Other specific additional therapeutic agents useful in the present methods for treating or preventing a Condition include, but are not limited to, rimonabant, 2-methyl-6-(phenylethynyl)-pyridine, 3[(2-methyl-1,4-thiazol-4-yl)ethynyl]pyridine, Melanotan-II, dexfenfluramine, fluoxetine, paroxetine, fenfluramine, fluvoxamine, sertaline, imipramine, desipramine, talsupram, nomifensine, leptin, nalmefene, 3-methoxynaltrexone, naloxone, nalterxone, butabindide, axokine, sibutramine, topiramate, phytopharm compound 57, Cerulenin, theophylline, pentoxifylline, zaprinast, sildenafil, aminone, milrinone, cilostamide, rolipram, cilomilast, phytanic acid, 4-[(E)-2-(5,6,7,8-tetramethyl-2-naphthalenyl)-1-propenyl]benzoic acid, retinoic acid, oleoyl-estrone, orlistat, lipstatin, tetrahydrolipstatin, teasaponin and diethylumbelliferyl phosphate.
In one embodiment, the present combination therapies for treating or preventing diabetes comprise administering a compound of formula (I), an antidiabetic agent and/or an antiobesity agent.
In another embodiment, the present combination therapies for treating or preventing diabetes comprise administering a compound of formula (I) and an antidiabetic agent.
In another embodiment, the present combination therapies for treating or preventing diabetes comprise administering a compound of formula (I) and an anti-obesity agent.
In one embodiment, the present combination therapies for treating or preventing obesity comprise administering a compound of formula (I), an antidiabetic agent and/or an antiobesity agent.
In another embodiment, the present combination therapies for treating or preventing obesity comprise administering a compound of formula (I) and an antidiabetic agent.
In another embodiment, the present combination therapies for treating or preventing obesity comprise administering a compound of formula (I) and an anti-obesity agent.
In one embodiment, the present combination therapies for treating or preventing metabolic syndrome comprise administering a compound of formula (I) and one or more additional therapeutic agents selected from: anti-obesity agents, antidiabetic agents, any agent useful for treating metabolic syndrome, any agent useful for treating a cardiovascular disease, cholesterol biosynthesis inhibitors, sterol absorption inhibitors, bile acid sequestrants, probucol derivatives, IBAT inhibitors, nicotinic acid receptor (NAR) agonists, ACAT inhibitors, cholesteryl ester transfer protein (CETP) inhibitors, low-density lipoprotein (LDL) activators, fish oil, water-soluble fibers, plant sterols, plant stanols and fatty acid esters of plant stanols.

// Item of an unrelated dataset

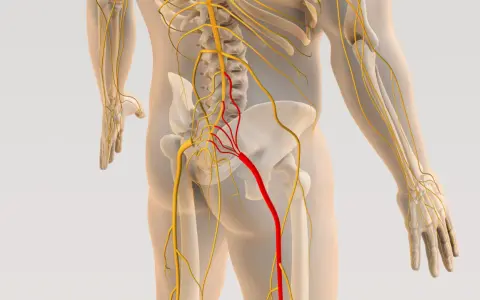 Anatomia układu nerwowego z zaznaczonym nerwem w kolorze czerwonym, wskazującym na potencjalną stenoza kanału kręgowego.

In one embodiment, the additional therapeutic agent is a cholesterol biosynthesis inhibitor. In another embodiment, the cholesterol biosynthesis inhibitor is a squalene synthetase inhibitor. In another embodiment, the cholesterol biosynthesis inhibitor is a squalene epoxidase inhibitor. In still another embodiment, the cholesterol biosynthesis inhibitor is an HMG-CoA reductase inhibitor. In another embodiment, the HMG-CoA reductase inhibitor is a statin. In yet another embodiment, the statin is lovastatin, pravastatin, simvastatin or atorvastatin.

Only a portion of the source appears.